(Activity) Reprint all of the data below exactly as shown and skip every image.

(Information shown)
—————
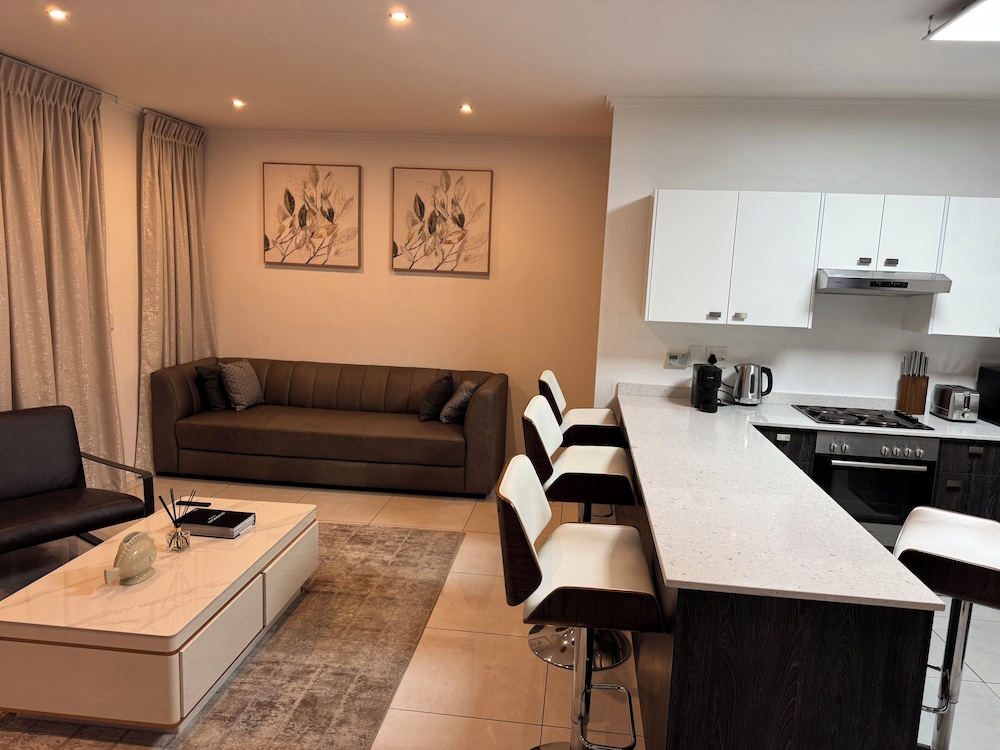 2BR-2BA - Rivonia Residence 1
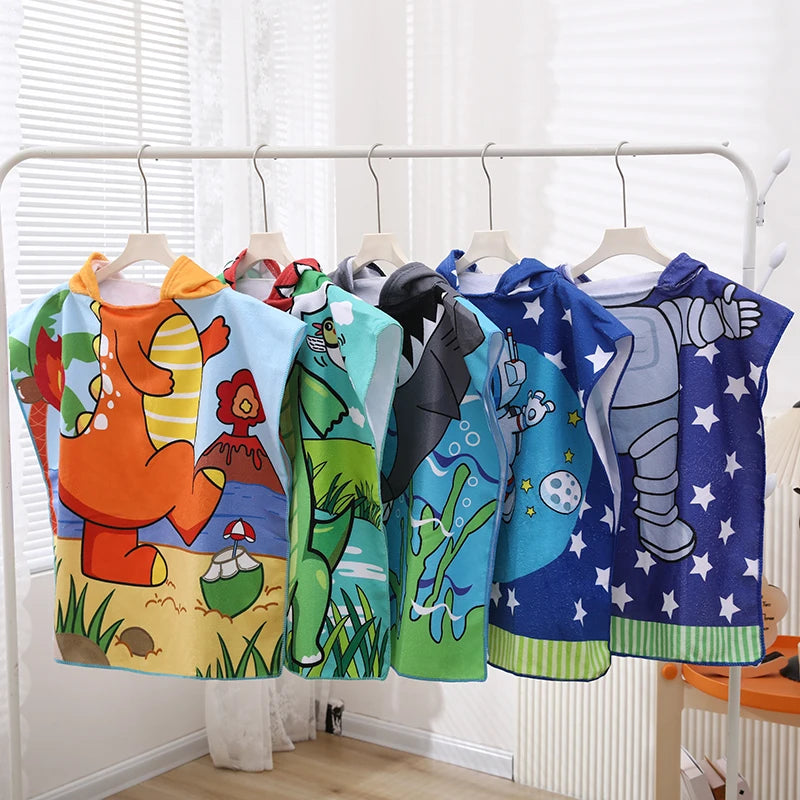 1 Pack of Cartoon Hooded Poncho Bath Towels for Children Aged 2-7, Made of Polyester Fiber with Strong Water Absorption, Cartoon-Themed Bath Towel, Suitable for Beach Trips, Bathroom Supplies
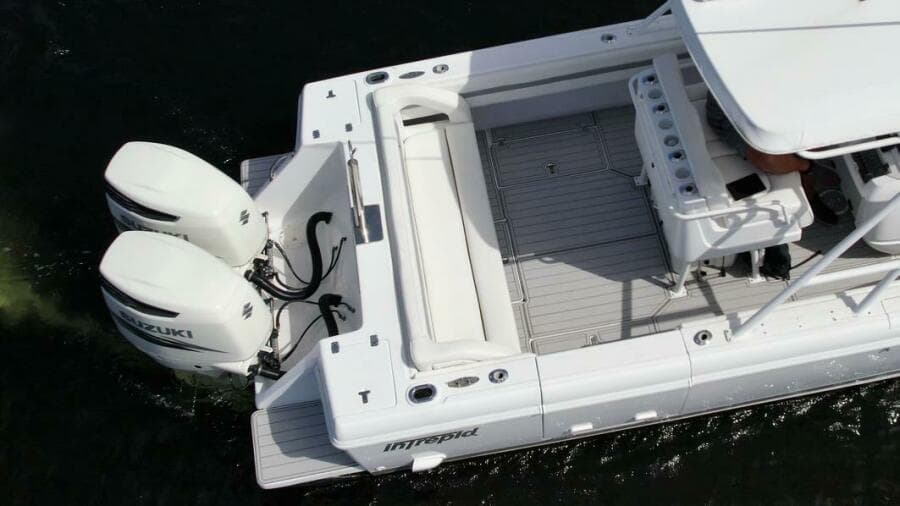 2003 Intrepid 32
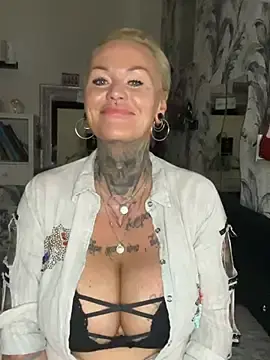 Stripchat Private Sex Chat of InkedMissLaBaehm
—————
(Exercise response)
 2BR-2BA - Rivonia Residence 1
 1 Pack of Cartoon Hooded Poncho Bath Towels for Children Aged 2-7, Made of Polyester Fiber with Strong Water Absorption, Cartoon-Themed Bath Towel, Suitable for Beach Trips, Bathroom Supplies
 2003 Intrepid 32
 Stripchat Private Sex Chat of InkedMissLaBaehm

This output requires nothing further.